In consiglio regionale abbiamo dato l’ok alla ratifica dell’intesa tra la Regione Lombardia, la Provincia di Sondrio e il Canton Grigioni per lo sviluppo del traffico pubblico regionale e transfrontaliero e della sua componente turistica.
È un accordo importante per quanto riguarda la mobilità, sia per chi si reca da una parte all’altra del confine per motivi di lavoro, sia per lo sviluppo turistico di questi territori. Ed è un’istanza che avevo portato a Poschiavo, nell’incontro di qualche tempo fa. Ritengo, infatti, fondamentale l’attività di dialogo che c’è stata in questi anni. Ed è altrettanto importante che il monitoraggio degli accordi presi sia portato avanti con continuità.
Tuttavia, mancano degli aspetti non secondari al rapporto di buon vicinato che si sta instaurando con i Grigioni: non sappiamo ancora nulla a proposito della questione del cabotaggio, che coinvolge Lombardia, Canton Ticino e Canton Grigioni. Inoltre, il tema dell’integrazione tariffaria diventa centrale se vogliamo agevolare il trasporto pubblico.

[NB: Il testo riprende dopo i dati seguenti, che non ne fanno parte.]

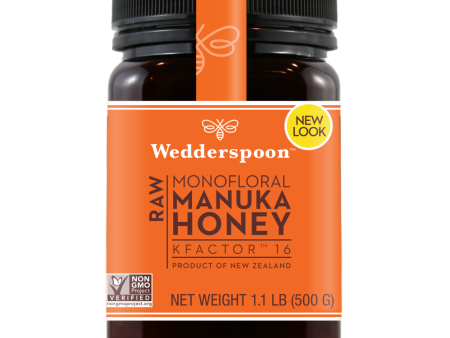 Wedderspoon Organic KFactor 16 Manuka Honey 8.8 oz. Jar Online Hot Sale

Parlando in Aula sul tema, ho espresso rammarico anche per il fatto che ancora una volta, all’incontro con i Grigioni, Regione Lombardia non è arrivata puntuale: avendo rinviato la seduta di consiglio, l’accordo che abbiamo approvato solo dopo non era ancora operativo. Ma sarebbe stato meglio portare alla riunione l’intesa già ratificata. Non solo: mi sono detto anche molto stupito che l’argomento non sia stato trattato nella Commissione speciale, nata a inizio legislatura proprio con il compito di affrontare le problematiche a cavallo del confine. Invece, l’ultima volta che ci siamo visti era il 29 marzo, quando abbiamo incontrato i nostri omologhi ticinesi a Bellinzona. Forse, a fine legislatura sarà necessario interrogarsi sull’opportunità di mantenere questa e altre commissioni speciali attivate.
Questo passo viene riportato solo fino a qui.